__COLLECTED DATA__.
··········

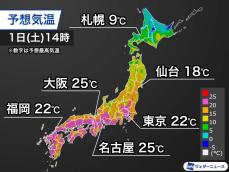 4月スタートは関東以西で暑いくらい　大阪などは25℃以上の夏日に
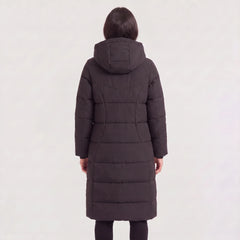 Lange puffer coat met capuchon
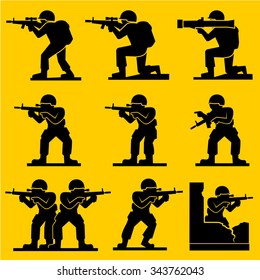 Soldiers icons vector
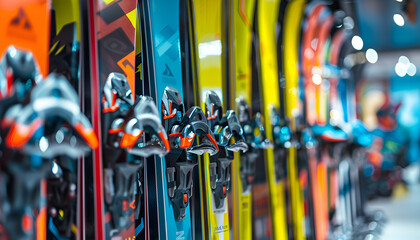 Ski shop sale. Rows of colourful alpine skis in modern sport equipment store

··········

__YOUR TASK__. Exclude every picture and restate the listing word for word.

__ANSWER TO THE PROBLEM__.
 4月スタートは関東以西で暑いくらい　大阪などは25℃以上の夏日に
 Lange puffer coat met capuchon
 Soldiers icons vector
 Ski shop sale. Rows of colourful alpine skis in modern sport equipment store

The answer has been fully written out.